Now for a small tangent on the topic of categorization: A modern twist on the idea of categorization is tagging. Many sites, especially "Web 2.0" sites, now offer tags in addition to, or as a replacement for, categories. Tags are just keywords that are associated with a particular product. Often, but not always, tags are user-generated, meaning that users of a site can add whatever keyword they want to a particular product. If users can collaboratively add tags to a product or asset, then the site offers what is known as a folksonomy.

Managing the storefront of an e-commerce site is a matter of organizing products, and managing inventory. How you organize the storefront, and how you categorize your products, are important concepts to work out in the information architecture phase of an e-commerce project, since the methods of navigation and categorization that you choose will affect every aspect of the site architecture.

In terms of development, a storefront would have separate database tables for categories, products, and the association of products to categories.

A typical categories table might have fields for id, title, parent_category_id, and created. A products table would typically have fields for id, title, description, num_available, price, thumbnail_image_path, large_image_path, and created. An association table could have fields for id, product_id, category_id, created, thereby allowing for a many to many relationship between products and categories by thereby having a separate row for each category a particular product belongs to.

The Shopping Cart
Shopping carts are an essential part of any e-commerce site. They take the metaphor of the physical shopping basket, and transpose it into online media. At its most fundamental, a shopping cart is tool for maintaining state and remembering which products a user has selected for purchase so that they can buy them all together as a batch without having to re-enter their billing and shipping info for each one individually.

As you can probably imagine, most shopping carts are simply tables in a database that have fields for user_id, product_id, and quantity (as well as the id and created fields, of course). That way, the database table simply has a row for every product in the user's cart.
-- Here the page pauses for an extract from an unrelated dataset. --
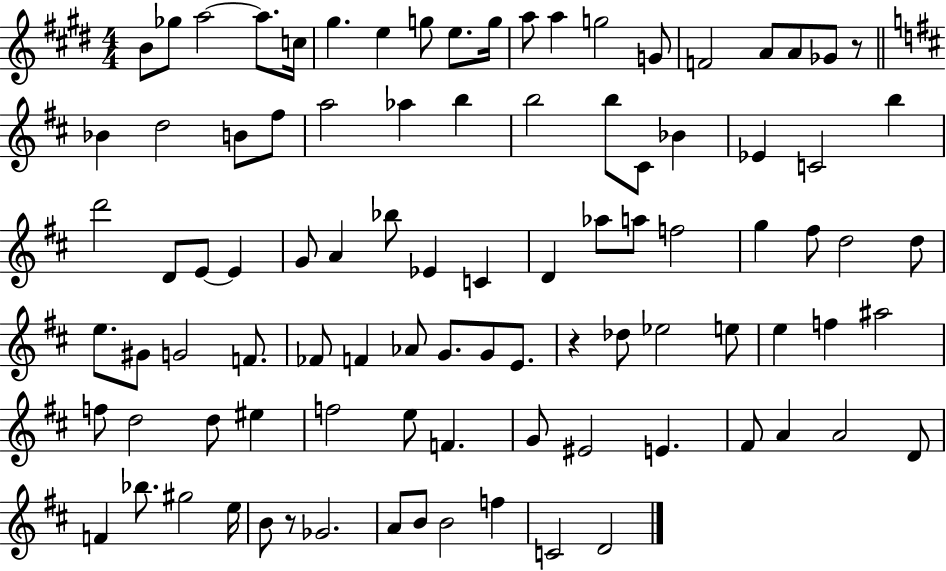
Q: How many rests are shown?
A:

To get the contents of the cart, you make a query on the table for all rows that match a given user_id.

Payment Processing
The checkout and payment processing parts of an e-commerce site are the most complicated. You need to securely process a transaction on a user's credit card. This entire process should take place on a secure server where all communication between the client and server is encrypted. Also, in order to process credit cards online, you need to have what is known as a merchant account with a bank. To charge cards over the phone, in a store, or online, merchants need these special accounts with a bank.

Assuming you have a merchant account (or are using a payment service that does), the first step in processing payment online is to send the data from a user's shopping cart to a script that then calculates the total fee owed, as well as an taxes and surcharges. Once the user enter's his/her credit card, billing, and shipping info, you perform a transaction on their credit card by first authorizing it with the issuing credit card company.
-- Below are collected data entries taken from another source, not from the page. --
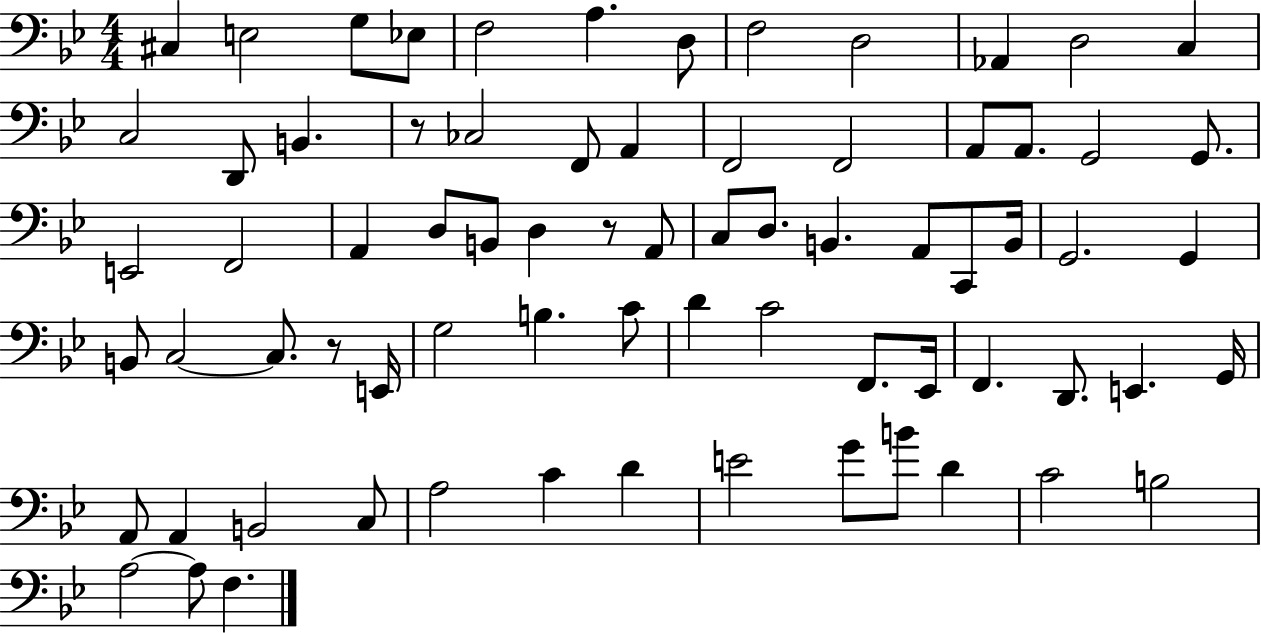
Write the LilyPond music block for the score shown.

{
  \clef bass
  \numericTimeSignature
  \time 4/4
  \key bes \major
  cis4 e2 g8 ees8 | f2 a4. d8 | f2 d2 | aes,4 d2 c4 | \break c2 d,8 b,4. | r8 ces2 f,8 a,4 | f,2 f,2 | a,8 a,8. g,2 g,8. | \break e,2 f,2 | a,4 d8 b,8 d4 r8 a,8 | c8 d8. b,4. a,8 c,8 b,16 | g,2. g,4 | \break b,8 c2~~ c8. r8 e,16 | g2 b4. c'8 | d'4 c'2 f,8. ees,16 | f,4. d,8. e,4. g,16 | \break a,8 a,4 b,2 c8 | a2 c'4 d'4 | e'2 g'8 b'8 d'4 | c'2 b2 | \break a2~~ a8 f4. | \bar "|."
}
If the credit card authorization passes, you must process the order with the credit card company by charging their card, remove the items from the user's shopping cart, and make sure your site's product inventory is up-to-date now that you have sold off a few items. Once everything is finished, you show a confirmation screen to the user with an order receipt. Often, the site will automatically send an email to the user (assuming they entered an email address) with the order receipt in it.

One rule of thumb to follow if you are running your own store is never to store sensitive information like credit card numbers in your database. Unless you have a budget to hire a decent security expert, your site can (and very well may) be hacked, and you do not want to be liable for the damages that would result from someone getting a hold on your clients' credit card numbers.

Due to the complication of doing all these steps yourself, most online merchants opt to use a third-party payment processing service that provides security and handles all the dirty work of charging a card for them.